Dios pateó el tablero de ese juego que se volvió, en algún momento, predecible y aburrido. Dios hizo más que sembrar portales y sorprender. No es un crupier atado a las leyes fáciles de azar: es un ilusionista, un tramposo. Un loco. 

Tal vez sí: tal vez Dios se volvió loco. O quizá ni siquiera: por ahí apenas si se cansó y se fue. Y dejó a los hombres tirados, con un montón de dudas y otras tantas injusticias. O está durmiendo. (No hay que descartar la posibilidad de que esté durmiendo). Aunque la verdad, no tiene importancia. Porque al fin y al cabo, en Burocracia, Dios no es importante. Es apenas la palabra con la que Isidro maquilla su desconcierto por una ciudad repentinamente atravesada por el caos o la magia. Una ciudad donde los intereses de la clase política se cruzan con los intereses de las clases acomodadas y los (pequeños) intereses de los funcionarios de medio pelo. Y así se teje un equilibrio tenebroso, a costa de los desposeídos: aquellos que han perdido su ciudadanía y son invisibles a los ojos del sistema; los ancianos que hartos del abandono se dejan morir en un mar envenenado; los marginales a quienes ya no persiguen los funcionarios de Evasión Impositiva, pues serían inútiles en una cárcel-fábrica; las prostitutas de cualquier edad o procedencia que desbordan las playas del Barrio Marítimo.
En esa ciudad gris, Isidro, Inspector estrella del Ministerio del Interior, sigue adelante. Con su apatía desconcierta hasta a sus compañeros burócratas. No quiere dinero: no necesita comprarse un gramófono ni darse de alta en el último y más completo servicio telegráfico. Ni siquiera se siente seguro de que le interese vivir.
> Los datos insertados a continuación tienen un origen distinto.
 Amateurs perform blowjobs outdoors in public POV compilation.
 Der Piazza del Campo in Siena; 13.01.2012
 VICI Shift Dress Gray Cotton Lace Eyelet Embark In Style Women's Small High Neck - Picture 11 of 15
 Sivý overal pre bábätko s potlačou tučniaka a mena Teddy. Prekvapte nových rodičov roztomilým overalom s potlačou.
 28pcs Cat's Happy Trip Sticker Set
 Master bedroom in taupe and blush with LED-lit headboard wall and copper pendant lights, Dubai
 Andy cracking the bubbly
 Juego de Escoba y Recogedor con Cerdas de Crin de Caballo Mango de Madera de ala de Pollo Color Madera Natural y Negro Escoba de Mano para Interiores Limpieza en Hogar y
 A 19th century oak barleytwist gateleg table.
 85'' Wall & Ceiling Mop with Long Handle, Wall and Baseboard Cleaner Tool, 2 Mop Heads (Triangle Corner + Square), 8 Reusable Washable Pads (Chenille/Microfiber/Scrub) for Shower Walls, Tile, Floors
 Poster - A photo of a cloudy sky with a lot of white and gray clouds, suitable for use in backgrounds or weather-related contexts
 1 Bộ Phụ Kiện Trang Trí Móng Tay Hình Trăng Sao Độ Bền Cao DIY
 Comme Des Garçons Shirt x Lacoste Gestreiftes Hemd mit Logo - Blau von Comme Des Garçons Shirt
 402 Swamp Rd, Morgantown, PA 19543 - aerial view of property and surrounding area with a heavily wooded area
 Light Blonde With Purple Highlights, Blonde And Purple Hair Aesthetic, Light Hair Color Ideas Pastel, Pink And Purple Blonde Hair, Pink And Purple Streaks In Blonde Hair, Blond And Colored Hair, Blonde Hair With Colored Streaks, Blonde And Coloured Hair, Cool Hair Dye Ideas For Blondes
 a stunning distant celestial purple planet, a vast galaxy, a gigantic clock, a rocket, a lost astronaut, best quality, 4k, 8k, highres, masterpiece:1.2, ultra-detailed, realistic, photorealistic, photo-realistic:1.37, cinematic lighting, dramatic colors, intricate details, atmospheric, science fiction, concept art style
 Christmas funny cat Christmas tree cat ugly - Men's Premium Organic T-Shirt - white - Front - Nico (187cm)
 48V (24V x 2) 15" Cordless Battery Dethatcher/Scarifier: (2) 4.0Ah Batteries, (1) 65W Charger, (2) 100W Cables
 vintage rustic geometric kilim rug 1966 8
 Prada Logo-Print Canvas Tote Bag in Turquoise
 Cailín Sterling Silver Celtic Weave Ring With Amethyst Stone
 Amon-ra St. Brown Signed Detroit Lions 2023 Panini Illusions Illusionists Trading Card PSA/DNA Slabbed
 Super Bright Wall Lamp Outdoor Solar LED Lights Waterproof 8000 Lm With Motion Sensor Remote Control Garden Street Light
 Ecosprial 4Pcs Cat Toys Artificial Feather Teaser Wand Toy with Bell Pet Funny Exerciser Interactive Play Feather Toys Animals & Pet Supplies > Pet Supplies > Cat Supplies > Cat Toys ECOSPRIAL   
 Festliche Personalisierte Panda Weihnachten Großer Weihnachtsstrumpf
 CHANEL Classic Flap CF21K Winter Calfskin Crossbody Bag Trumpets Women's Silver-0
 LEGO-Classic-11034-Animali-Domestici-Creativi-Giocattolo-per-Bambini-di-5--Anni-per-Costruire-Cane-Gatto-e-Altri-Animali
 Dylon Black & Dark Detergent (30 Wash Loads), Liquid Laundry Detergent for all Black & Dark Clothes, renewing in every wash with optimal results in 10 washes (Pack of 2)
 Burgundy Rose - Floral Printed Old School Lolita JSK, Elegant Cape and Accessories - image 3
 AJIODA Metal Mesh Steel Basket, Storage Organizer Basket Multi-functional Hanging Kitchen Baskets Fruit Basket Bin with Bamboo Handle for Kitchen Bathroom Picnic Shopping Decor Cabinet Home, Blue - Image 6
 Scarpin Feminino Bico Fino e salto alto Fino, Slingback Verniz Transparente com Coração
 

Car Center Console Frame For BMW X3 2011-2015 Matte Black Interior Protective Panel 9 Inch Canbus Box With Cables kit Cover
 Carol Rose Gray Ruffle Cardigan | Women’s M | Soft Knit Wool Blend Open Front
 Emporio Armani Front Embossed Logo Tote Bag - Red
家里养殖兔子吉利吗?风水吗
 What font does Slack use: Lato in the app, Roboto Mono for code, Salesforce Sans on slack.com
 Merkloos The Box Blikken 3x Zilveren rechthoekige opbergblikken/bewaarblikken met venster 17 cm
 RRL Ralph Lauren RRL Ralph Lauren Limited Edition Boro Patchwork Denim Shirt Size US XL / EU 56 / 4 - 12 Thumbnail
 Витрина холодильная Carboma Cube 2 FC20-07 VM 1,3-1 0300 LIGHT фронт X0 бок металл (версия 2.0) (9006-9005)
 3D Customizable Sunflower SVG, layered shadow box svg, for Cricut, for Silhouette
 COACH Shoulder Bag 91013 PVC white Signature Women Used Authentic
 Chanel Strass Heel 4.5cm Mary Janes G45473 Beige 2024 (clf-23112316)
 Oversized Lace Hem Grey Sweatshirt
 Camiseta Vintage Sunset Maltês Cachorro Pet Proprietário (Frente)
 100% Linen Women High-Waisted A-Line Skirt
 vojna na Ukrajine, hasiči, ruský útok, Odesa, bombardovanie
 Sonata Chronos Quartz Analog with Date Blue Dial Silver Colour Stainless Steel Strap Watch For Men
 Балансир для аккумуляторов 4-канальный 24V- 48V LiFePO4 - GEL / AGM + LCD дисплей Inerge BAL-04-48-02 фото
Sin embargo, ahí está Witold, su hermano, dispuesto a escupirle en la cara que romper la inercia de la apatía puede valer la pena. Witold: escritor prófugo de la justicia, integrante de Los Vanguardistas, quienes están obsesionados en comprender esos portales sonoros que reproducen a chorros las pequeñas historias de la ciudad, como si fueran voces de una enorme novela polifónica que está viva, que se escribe a sí misma.